Task goal: The result should be a full, exact repeat of the entries, free of pictures.

Records supplied:
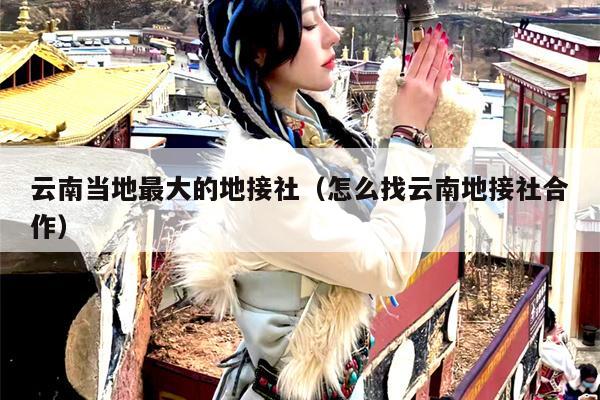 云南当地最大的地接社（怎么找云南地接社合作）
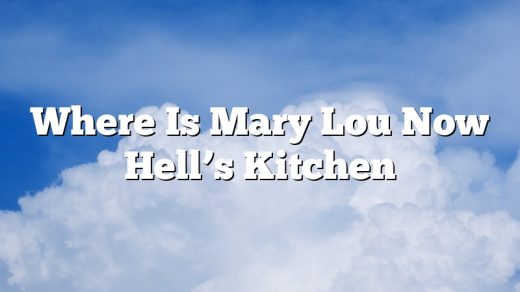 Where Is Mary Lou Now Hell’s Kitchen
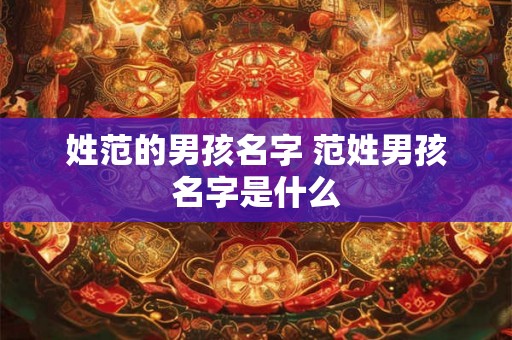 姓范的男孩名字 范姓男孩名字是什么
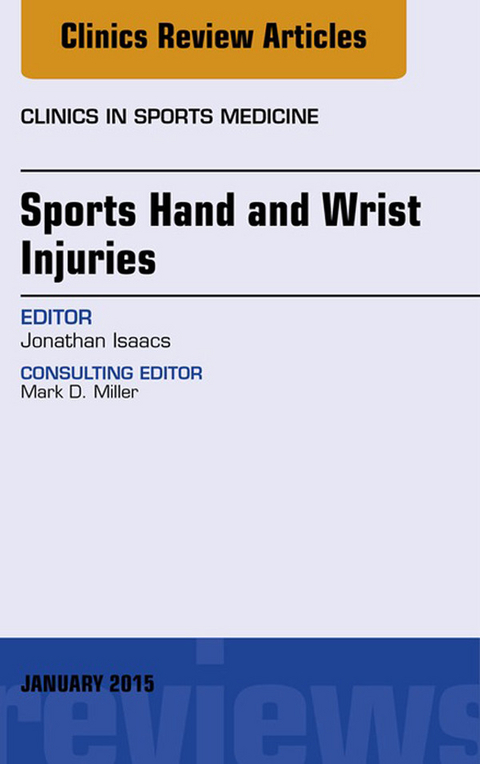 Sports Hand and Wrist Injuries, An Issue of Clinics in Sports Medicine -  Jonathan E. Isaacs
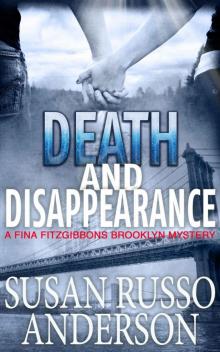 Death and Disappearance (A Fina Fitzgibbons Brooklyn Mystery Book 5)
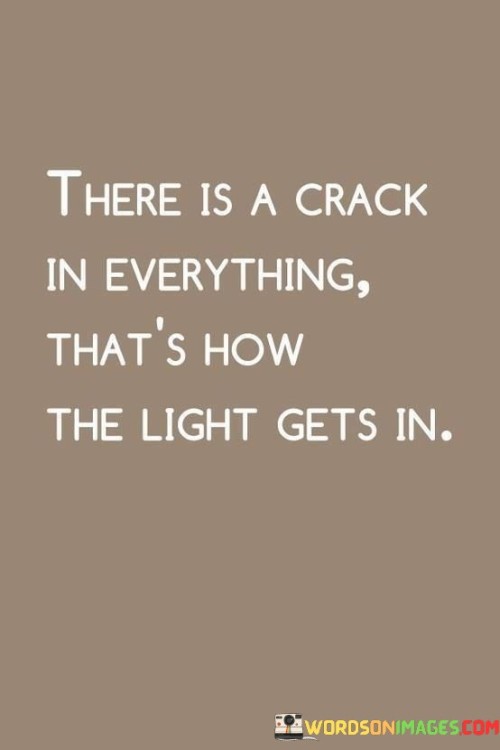 There-Is-A-Crack-In-Everything-Thats-How-Quotes.jpeg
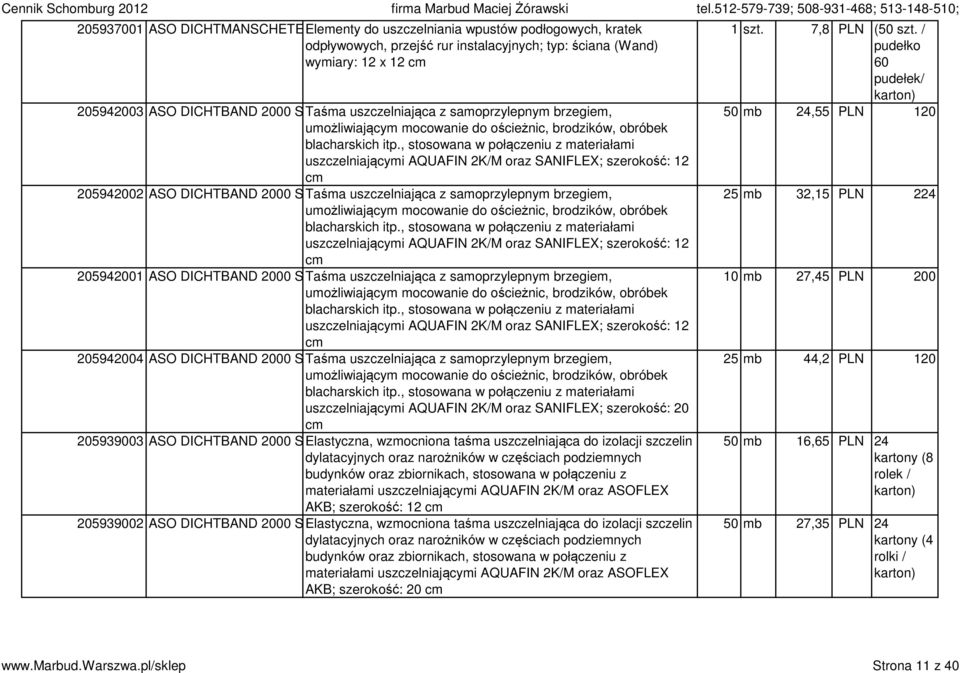 , stosowana w połączeniu z materiałami uszczelniającymi AQUAFIN 2K/M oraz SANIFLEX; szerokość: 12 cm 205942002 ASO DICHTBAND 2000 SANITAR , stosowana w połączeniu z materiałami uszczelniającymi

Exercise answer:
 云南当地最大的地接社（怎么找云南地接社合作）
 Where Is Mary Lou Now Hell’s Kitchen
 姓范的男孩名字 范姓男孩名字是什么
 Sports Hand and Wrist Injuries, An Issue of Clinics in Sports Medicine -  Jonathan E. Isaacs
 Death and Disappearance (A Fina Fitzgibbons Brooklyn Mystery Book 5)
 There-Is-A-Crack-In-Everything-Thats-How-Quotes.jpeg
 , stosowana w połączeniu z materiałami uszczelniającymi AQUAFIN 2K/M oraz SANIFLEX; szerokość: 12 cm 205942002 ASO DICHTBAND 2000 SANITAR , stosowana w połączeniu z materiałami uszczelniającymi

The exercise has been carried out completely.